Mean accuracy across 50 runs: 0.81. A one-sample t-test against a 0.5 baseline (random chance) returned t = 28.48 and p < 0.000001. The model significantly and consistently outperforms chance. The confusion matrix shows it performs somewhat better at identifying Republican-leaning states than Democratic ones — likely because Republican states make up the majority of the training data.

Key Findings

Averaging the logistic regression coefficients across all 50 runs reveals which chains are actually doing the predictive work. Positive coefficients indicate association with Republican voting; negative with Democratic.
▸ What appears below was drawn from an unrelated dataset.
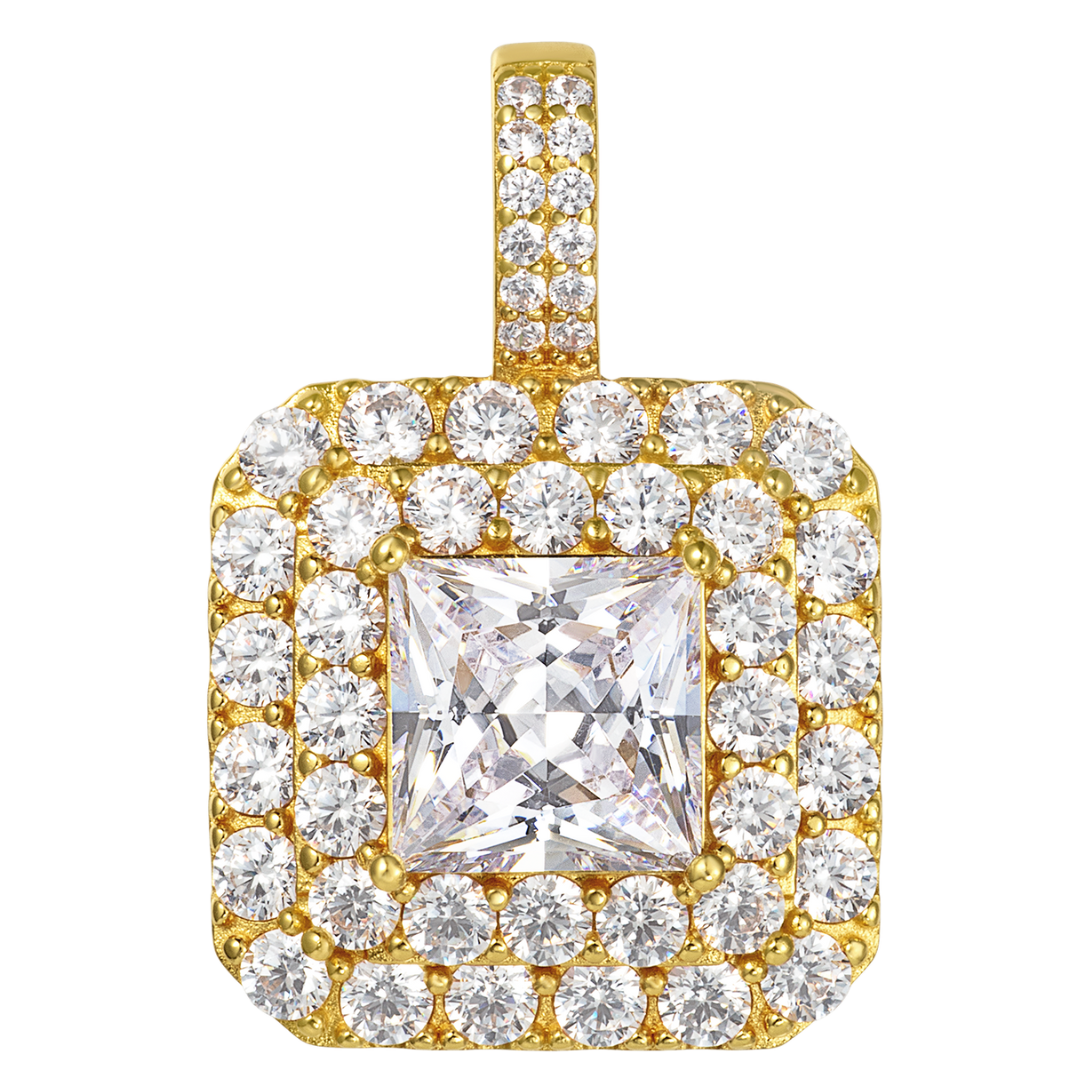 Princess Cut Pendant - 2 Halo's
Republican-associated: Arby's, Wendy's, Chick-fil-A, KFC, Domino's — all significantly higher per-capita density in red states (p < 0.05 on t-tests)
Democratic-associated: Dunkin' Donuts, Starbucks — significantly higher per-capita density in blue states
No significant association: McDonald's and Chipotle — broadly distributed across both partisan leanings

Franchise-level distributions

The KDE plots below show the per-capita distribution of each chain in red vs blue states. For Arby's, Wendy's, and KFC, the separation between the two distributions is visually clear. For McDonald's, the overlap is nearly total — exactly what the coefficient plot suggested.

Limitations

State-level aggregation obscures a lot. Urban and rural areas within the same state vote very differently, and they have very different fast food environments too. Texas as a single data point papers over the gap between Houston and the Panhandle. A county-level analysis would likely surface stronger and more nuanced patterns — but matching county-level restaurant counts with county-level votes was outside the scope of this project.
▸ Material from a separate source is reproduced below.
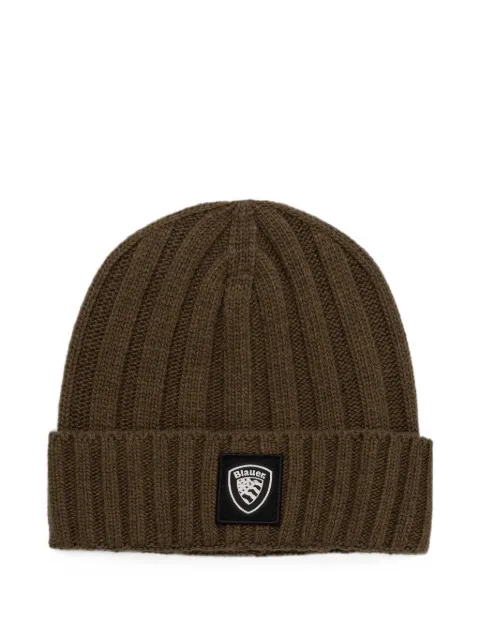Blauer Cutter logo-patch beanie hat Brown 25BLUA05297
The Modifiable Areal Unit Problem (MAUP) is real here: the patterns we see at the state level might look completely different at the county or ZIP code level. We're also working with 50 data points, which is enough to identify patterns but not enough to be confident about generalizability. Fast food density is shaped by income, urbanization, and regional infrastructure in ways that may fully explain the voting correlation without any direct causal relationship.

We're identifying correlations, not causes. The finding that Arby's per-capita count predicts Republican voting probably says more about the rural South and Midwest — where Arby's happens to cluster — than it does about Arby's specifically. That said, the signal is statistically significant and consistent across methodologies. Whether it's about the chains themselves or the places those chains call home is a question worth asking.